S'il se revendique d'une influence camusienne, le rapport de Benjamin Stora contient des ambiguïtés expliquant ces réactions négatives. En voulant faire plaisir à tout le monde y compris les pieds noirs en demandant une commission d'historiens sur les massacres d'Oran, on courait le risque de ne satisfaire personne. Jean-Jacques Jordi a d'ailleurs reproché à Stora de ne pas parler des enlèvements d'Européens à Alger après le 19 mars 1962. Si Stora se revendique de la figure d'Albert Camus en prétendant vouloir être un passeur entre la France et l'Algérie, en invoquant Sartre, figure tutélaire de la gauche marxiste dans son rapport, Stora n'a-t-il pas une nouvelle fois privilégié l'engagement au détriment de l'impartialité ? Il semble néanmoins qu'en dépit des critiques, son rapport a l'aval du pouvoir politique français dont la stratégie politique sur le plan du discours est d'être en même temps de droite et de gauche. Le président Macron a besoin d'une caution intellectuelle progressiste, dans son duel annoncé contre Marine Le Pen, comme il a privilégié une approche libérale de l'économie jusqu'à la pandémie du covid. A travers ce rapport, le président Macron cherche à séduire la diaspora algérienne vivant en France. Indéniablement, il a eu raison de faire appel à l'expertise scientifique de Benjamin Stora qui travaille sur cette question, non pas depuis le début de ses recherches commencées sous la direction de Charles Robert Ageron, mais depuis sa naissance à Constantine en 1950. Les Algériens doivent comprendre que c'était une mission quasiment impossible pour un historien français écrivant un rapport pour le gouvernement français dans le contexte politique actuel.

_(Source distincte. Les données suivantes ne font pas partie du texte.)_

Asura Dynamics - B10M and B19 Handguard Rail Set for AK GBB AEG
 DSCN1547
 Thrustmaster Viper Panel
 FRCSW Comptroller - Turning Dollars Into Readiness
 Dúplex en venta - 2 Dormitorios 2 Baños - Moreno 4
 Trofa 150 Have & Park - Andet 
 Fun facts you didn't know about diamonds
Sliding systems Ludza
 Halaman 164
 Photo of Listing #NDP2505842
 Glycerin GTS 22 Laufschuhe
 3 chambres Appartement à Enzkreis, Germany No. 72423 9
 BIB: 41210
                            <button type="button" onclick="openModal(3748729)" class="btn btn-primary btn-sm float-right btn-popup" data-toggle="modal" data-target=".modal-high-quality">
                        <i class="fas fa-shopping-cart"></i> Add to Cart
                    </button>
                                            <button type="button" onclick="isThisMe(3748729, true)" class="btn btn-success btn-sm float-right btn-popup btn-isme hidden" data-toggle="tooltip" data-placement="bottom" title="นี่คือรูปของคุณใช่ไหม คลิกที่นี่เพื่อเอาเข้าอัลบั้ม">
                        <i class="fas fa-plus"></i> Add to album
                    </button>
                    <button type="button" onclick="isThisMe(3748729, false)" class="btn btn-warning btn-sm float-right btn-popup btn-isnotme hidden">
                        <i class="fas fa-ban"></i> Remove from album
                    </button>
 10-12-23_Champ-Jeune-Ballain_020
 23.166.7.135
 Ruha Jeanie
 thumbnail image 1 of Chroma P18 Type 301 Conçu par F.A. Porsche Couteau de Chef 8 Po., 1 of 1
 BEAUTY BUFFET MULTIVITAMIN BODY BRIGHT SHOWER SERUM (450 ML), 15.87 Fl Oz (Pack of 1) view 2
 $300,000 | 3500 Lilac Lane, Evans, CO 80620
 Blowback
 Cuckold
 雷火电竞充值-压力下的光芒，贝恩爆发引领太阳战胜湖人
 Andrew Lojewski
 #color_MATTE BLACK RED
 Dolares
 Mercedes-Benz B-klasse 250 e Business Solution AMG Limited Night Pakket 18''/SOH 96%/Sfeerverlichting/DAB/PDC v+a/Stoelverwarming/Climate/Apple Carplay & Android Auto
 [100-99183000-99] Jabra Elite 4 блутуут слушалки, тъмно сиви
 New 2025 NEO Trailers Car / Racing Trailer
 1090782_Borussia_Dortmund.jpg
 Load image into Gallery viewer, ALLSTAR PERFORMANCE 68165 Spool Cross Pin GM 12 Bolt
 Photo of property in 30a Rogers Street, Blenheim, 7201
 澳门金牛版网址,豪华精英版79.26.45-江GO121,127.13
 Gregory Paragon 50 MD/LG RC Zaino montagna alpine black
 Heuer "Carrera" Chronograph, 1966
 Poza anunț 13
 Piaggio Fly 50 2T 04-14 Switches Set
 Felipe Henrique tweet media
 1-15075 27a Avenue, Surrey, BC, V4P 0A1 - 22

Indéniablement, l'Algérie lui doit beaucoup pour avoir obtenu la reconnaissance de l'assassinat d'Ali Boumendjel qui en annonce d'autres. Si la critique est aisée, il était un des seuls de sa génération à avoir la légitimité et le courage intellectuel pour obtenir ce résultat et il ne méritait pas certaines attaques à caractère antisémite parfois lues en Algérie. Ce rapport pose finalement une fascinante question éthique et philosophique : Peut-on être en même temps camusien et sartrien ? Benjamin Stora est peut-être l'historien qui a été le plus loin dans le dépassement de cette contradiction.